Es ist das erste Mal, dass Iskuhi bei Türken arbeitet. Bislang war sie Hausangestellte bei einer armenischen Familie in Istanbul. Diese Familie hat sie nun an die türkischen Inhaber einer kleinen Pension weiterempfohlen. Iskuhis Familie stammt aus Erzurum in der Nordtürkei und ist in der Zeit der Armenier-Massaker von 1915 bis 1917 ins heutige Armenien geflohen. "Meine Großmutter hat immer wieder erzählt, was damals passiert ist", sagt Iskuhi. Zu mir sagt sie das, einer mutmaßlichen Christin, nicht zu ihren türkischen Chefs.
Kevorks Familie lebt hingegen seit jeher im heutigen Armenien, sie hatte nicht unter den Massakern zu leiden, aber auch er weiß Bescheid, denn der Genozid ist in Armenien so präsent wie der Holocaust in Israel. Insofern wäre es für die beiden wohl angenehmer gewesen, wenn sie irgendwo anders Arbeit gefunden hätten als ausgerechnet in der Türkei. Aber wo hätte das sein können? Europa ist verschlossen, und die anderen Kaukasusrepubliken sind ebenso arm wie Armenien. Blieb nur das Land, das den Genozid an den Armeniern leugnet.
Die beiden konnten aber immerhin hoffen, auf liberal eingestellte Leute zu treffen. Denn dass extrem nationalistische Türken ein Ehepaar aus Armenien beschäftigen würden, war kaum anzunehmen. Und tatsächlich ist das Verhältnis zu den Arbeitgebern gut. Die Chefin, eine resolute pensionierte Lehrerin aus Istanbul, ist froh, diese Städter mit Uniabschluss eingestellt zu haben anstelle der ländlichen Kurden, die bislang in der kleinen Pension für Ordnung sorgten. "Die beiden denken mit", vertraut sie mir an. "Sie arbeiten eigenverantwortlich. Und sie sind unheimlich nett. Ich habe sie richtig liebgewonnen." Natürlich arbeitet das Ehepaar sieben Tage die Woche, von morgens halb neun bis nachts um elf.
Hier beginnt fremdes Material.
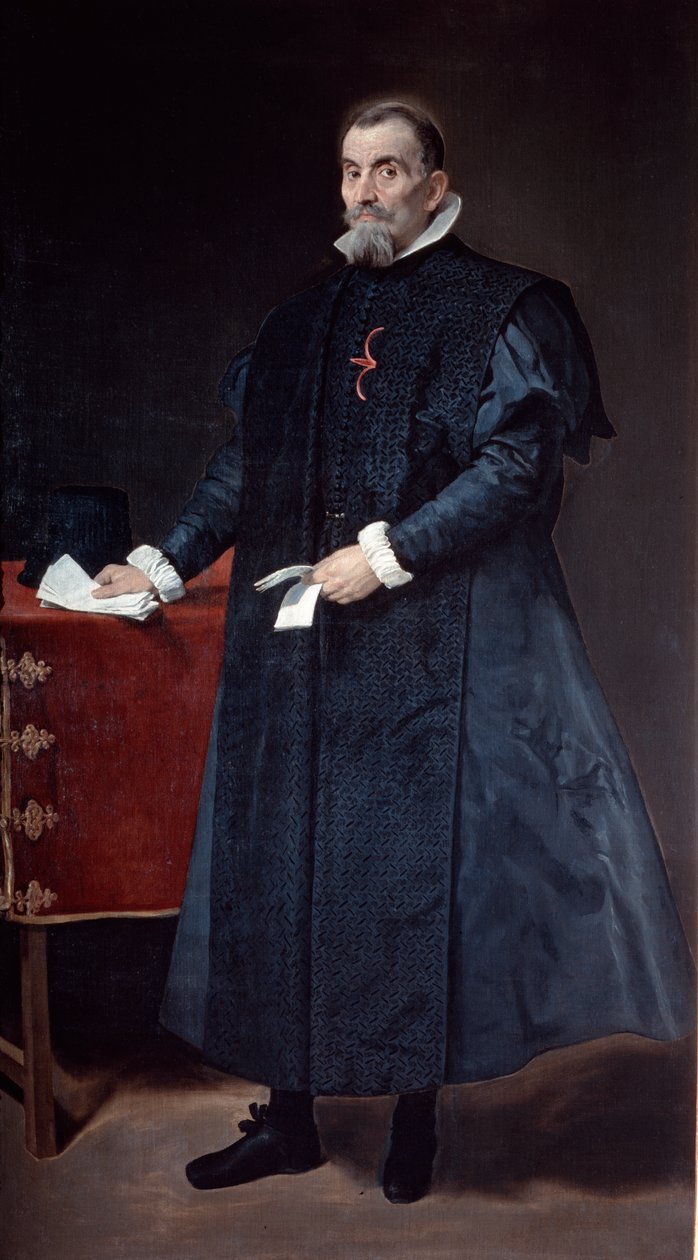 Don Diego Del Corral, 1631 autorstwa Diego Velázquez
Aber das ist im Tourismus hier so üblich. Und die Pensionsinhaber bezahlen ihnen mehr als den staatlichen Mindestlohn von monatlich umgerechnet 170 Euro, obwohl sie die beiden illegal Beschäftigten auch richtig ausbeuten könnten.
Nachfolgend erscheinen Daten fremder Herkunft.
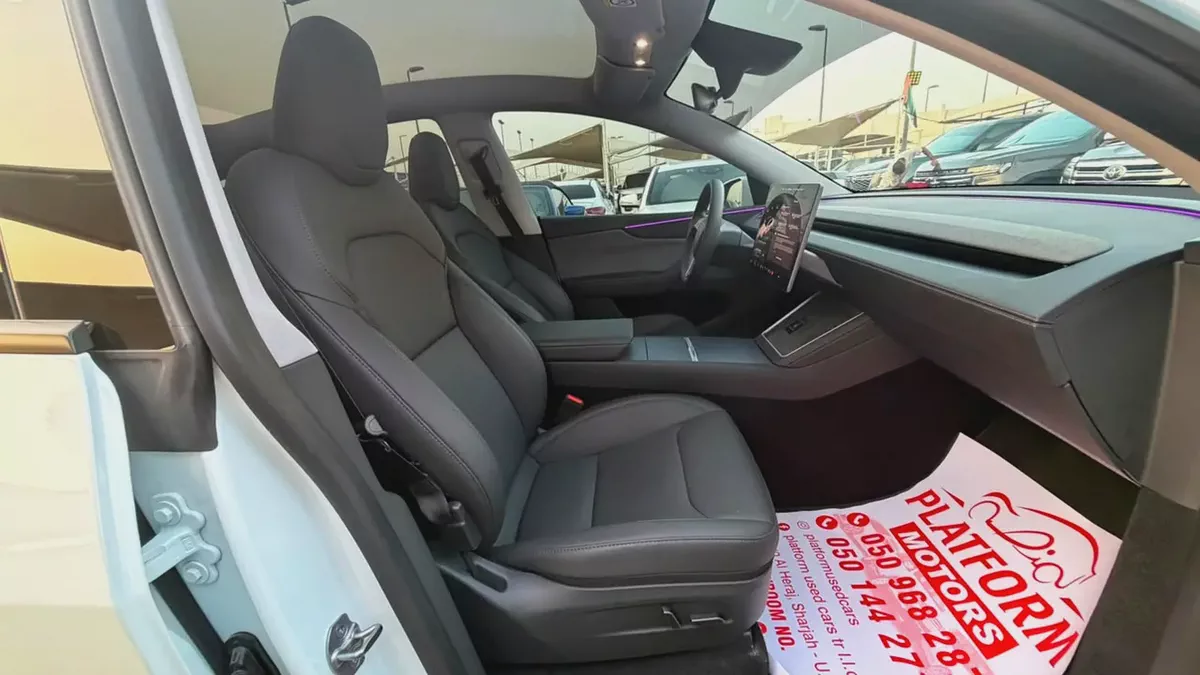 Tesla Model Y Long Range 2026 | Gcc Specs | Under warranty-12-12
Die Saison geht zu Ende, es sind kaum noch Gäste in der Pension. Mittags setzt sich Ayda, die Chefin, mit Iskuhi an einen Tisch, sie trinken Mokka und rauchen. Abends versammelt sich alles um den Kamin, in dem ein Feuer lodert. Iskuhi pult Granatäpfel und verteilt die Kerne gerecht an alle. Kevork steht ab und zu auf und legt getrocknete Palmwedel ins Feuer.
Doch trotz aller Herzlichkeit werden die beiden ein vages Gefühl der Bedrohung nicht los. Kurz zuvor hatte die französische Nationalversammlung die Leugnung des Völkermords an den Armeniern unter Strafe gestellt, und dann ist auch noch der Schriftsteller Orhan Pamuk, der wegen seiner Anerkennung des Massenmords an den Armeniern in der Türkei vor Gericht gestanden hatte, für den Nobelpreis nominiert worden. "Wir haben Angst", gesteht Iskuhi. "Im Dorf wissen alle, dass wir Armenier sind." Einmal kommt der Bürgermeister zu Besuch und erkundigt sich angelegentlich nach dem Befinden der beiden. Es schwingt etwas Ungesagtes mit bei dieser Nachfrage. Ein Bemühen, besonders nett zu sein. Einerseits. Gleichzeitig aber geraten sie durch die Nachfrage ins Blickfeld, sie, die doch am liebsten unsichtbar bleiben würden in diesem 300-Seelen-Dorf.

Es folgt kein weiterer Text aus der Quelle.